Cardno is assisting the Cities of Cape Coral and Fort Myers, Florida. The cities entered into an interlocal agreement to construct a pipeline across the Caloosahatchee River in an effort to deliver 12 million gallons per day (MGD) of reclaimed water from Fort Myers to Cape Coral daily.

The reclaimed water transmission main will reduce discharges to the river while providing more reclaimed water to Cape Coral, which will help to maintain freshwater canal levels during the dry season. The water is used for irrigation and for fire protection purposes.

Cape Coral will install a pipeline from the Everest Water Reclamation Facility (EWRF) to the river entry point at a nearby park. The pipeline will be installed under the river with an exit point located in Fort Myers. Fort Myers will connect the reclaimed water pipeline from the river exit point at San Marcos in Fort Myers to their South Advanced Wastewater Treatment Facility.

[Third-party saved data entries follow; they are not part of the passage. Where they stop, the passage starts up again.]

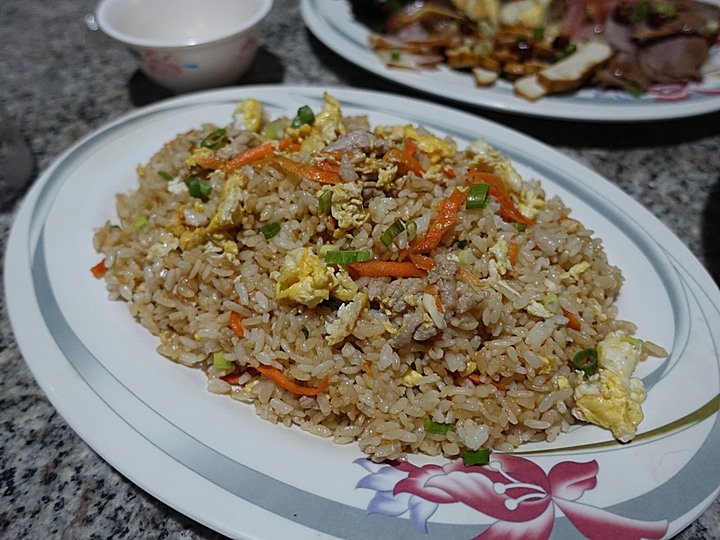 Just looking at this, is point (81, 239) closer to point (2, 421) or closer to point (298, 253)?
point (2, 421)

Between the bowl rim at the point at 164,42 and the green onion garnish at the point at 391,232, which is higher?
the green onion garnish at the point at 391,232

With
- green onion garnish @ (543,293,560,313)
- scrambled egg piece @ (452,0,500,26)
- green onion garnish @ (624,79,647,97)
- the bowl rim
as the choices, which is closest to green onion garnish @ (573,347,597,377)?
green onion garnish @ (543,293,560,313)

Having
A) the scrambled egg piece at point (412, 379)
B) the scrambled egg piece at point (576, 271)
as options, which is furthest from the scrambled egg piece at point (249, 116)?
the scrambled egg piece at point (576, 271)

The design will also include a distribution manifold at the EWRF that connects the new reclaimed water main to the city’s public access reuse system (irrigation system) or to the injection well for disposal at the EWRF.

Cardno’s water and wastewater team is providing professional engineering services related to design, surveying, geotechnical services, environmental and regulatory permitting, bidding services, and construction services for a pipeline enabling Cape Coral to receive at the EWRF the agreed upon maximum reclaimed water flow from Fort Myers. Our team evaluated various alternatives for crossing the Caloosahatchee River, including Trenchless Method Alternatives, before selecting the horizontal directional drilling method.

Scheduled to be completed in January 2023, the project involves one of the largest sub-aqueous horizontal directional drilling crossings in the world with a constructed pipe 110 feet below the water’s surface. The project also includes a significant outreach to the public and other key stakeholders. A public relations firm has assisted the project with public outreach through a dedicated website called Caloosahatchee Connect, featuring project facts, frequently asked questions, the project schedule, and a video illustrating the work being completed.

This challenging project offers a sustainability component, helping the community control the release of nitrogen loading to the river, following State of Florida regulations to protect nearby springs. Currently the city of Cape Coral is pulling much of their reclaimed water from freshwater canals.